Dogs - the great equalizer. They make us approachable and sometimes make us approach other people (when they're 80 lbs and pulling on the leash). It's hard to keep yourself out of the 'less than' bucket, for me it requires a lot of practice remembering my goals are not set by the worlds standard but by my own. And when I slip at this I always have the greatest friends ever available to remind me.

helen_g 9 pts

I am a head to the knees, palms on the floor girl myself. Just thought I'd rub that one in. I have also discovered that there is something essential that all people have in common, no matter how different the perceived differences. We are all dog-nuts crazy. We are. You might look at me and think " She looks normal" and I might do the same to you. But just under the surface, as exhibited by the above musing, we are all crazy. It is all just a matter of degree and expression.

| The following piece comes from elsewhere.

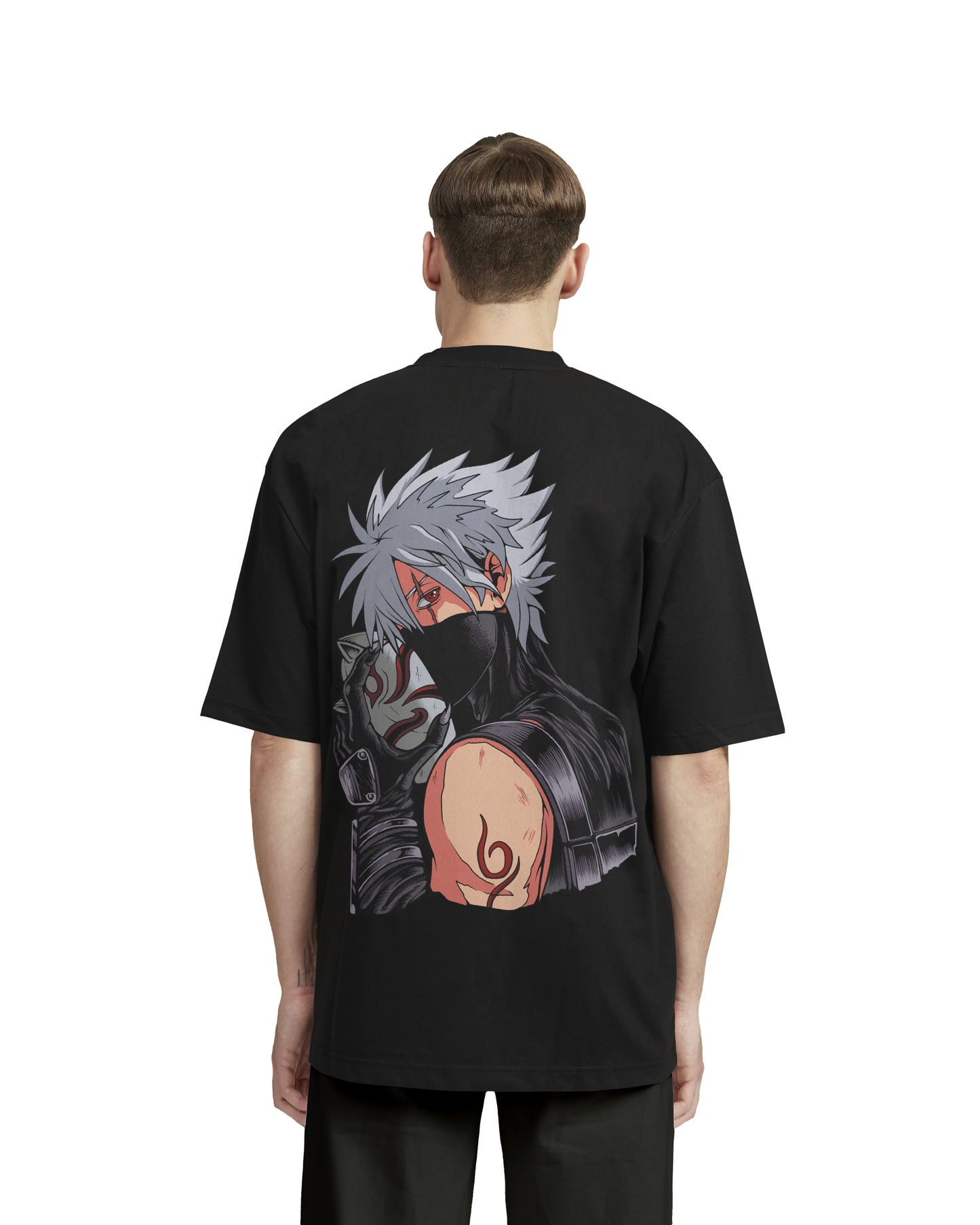 "KAKASHI x PAIN" - Oversized Shirt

delfinparis 57 pts moderator

helen_g No, you're "for sure" nuts. I'm afraid of you.

Joy Wingader 6 pts

So, after I ran 6 miles yesterday (bet you can't do that either), I was stretching, palms to the floor -- legs stiff as a board, thinking about how cute and awesome my kids are. So you see, we are different. And I'm probably better :)

delfinparis 57 pts moderator

Joy Wingader This is true - I top out at three miles. And of course, I wasn't referring to your kids. Everyone else's, but not yours.